Hip-Hop Albums of the Year

22 May, 2023

Da Brat — Funkdafied


Debut studio album for Shawntae "Da Brat" Harris, a young rapper from Chicago, Illinois. In her school days, she won a rap contest sponsored by the show "Yo! MTV Raps", the prize of which is the meeting with Kris Kross, kid rap duo that made a sensation at the time. The duo takes her to their producer Jermaine Dupri, who signs Da Brat for his So So Def label. Two years later, the album comes out: Dupri is the author of the production, while in the role of guests are called Kandi, LaTocha Scott, Y-Tee and Chris "Mac Daddy" Kelly of Kris Kross.

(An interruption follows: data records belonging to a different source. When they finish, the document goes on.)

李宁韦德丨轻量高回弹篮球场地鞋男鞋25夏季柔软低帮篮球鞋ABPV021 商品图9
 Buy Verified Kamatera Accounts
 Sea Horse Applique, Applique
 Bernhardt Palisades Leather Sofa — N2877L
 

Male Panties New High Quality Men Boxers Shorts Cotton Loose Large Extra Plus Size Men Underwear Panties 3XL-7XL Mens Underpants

The first has a poor production: cheap boom bap, tight and light drum, wacky samples, the rapper delivers decently slow. The following two cuts are qualitatively inferior: Dupri places pounding, dry and slow drums, combining them with cheap or extravagant samples. On these musical carpets, Da Brat sounds bad, slow syncopated, at best decent, and his hooks don't work, albeit cheerful and festive. There's Kandi in "Fa All Y'All", but her contribution goes unnoticed, basically. The title track boasts a decent rhythm, tight drum and acceptable samples, the MC spits bars with slow syncopated rapping.
 
LaTocha Scott is a guest on "May da Funk Be Wit 'Cha", where Dupri invents g-funk synths on a pounding, tight drum, providing a slow beat. Y-Tee performs in "Ain't No Thang", one of the worst cuts of the edition, consisting of a poor rhythm, slow and lean drum, mediocre samples and a generic delivery. The next song is no better: Dupri brings out completely bad, wack and cheap g-funk synths, which destroy the quality of the track. Da Brat delivers lyrics with confident style, Mac Daddy adds little to the song. Track eight has an almost decent musical carpet, with slow pounding drum machine and wacky samples: the beat is left to breathe at the end, I'm not sure why. It closes, incredible, the best tune of the entire LP: glossy boom bap, thumping drum, slow and energetic, rhythm let to breathe, disco-dance vibes, synthesized chorus that sounds electronic, slow syncopated delivery.

No need to lie, the album isn't good: the record suffers a lot in the first part and gets worse in the second section, biting all the time the West Coast g-funk sound, the rhythms of Dre and the style of Snoop. Dupri's production is simply ridiculous and bland, while the delivery of the MC is generic and at times annoying, in her attempt to mimic Snoop Dogg, sounding thug-gangsta and hardcore. Composed of 9 songs for over half an hour of listening, the disc is released by So So Def which has a distribution agreement with Sony through Columbia: I don't like Jermaine Dupri's music, but it can't be said that the boy can't sell records, this CD comes first among rap chart and eleventh on the Billboard 200, becoming one of the best-selling rap albums in two consecutive years. Within a month and a half, the title track, first single, was certified platinum by the RIAA, and in the following January the same album was too: Da Brat becomes the first female solo rapper to achieve platinum certification, and the second female rap act to do so after Salt-n-Pepa. Forgettable album, not recommended, 4/10.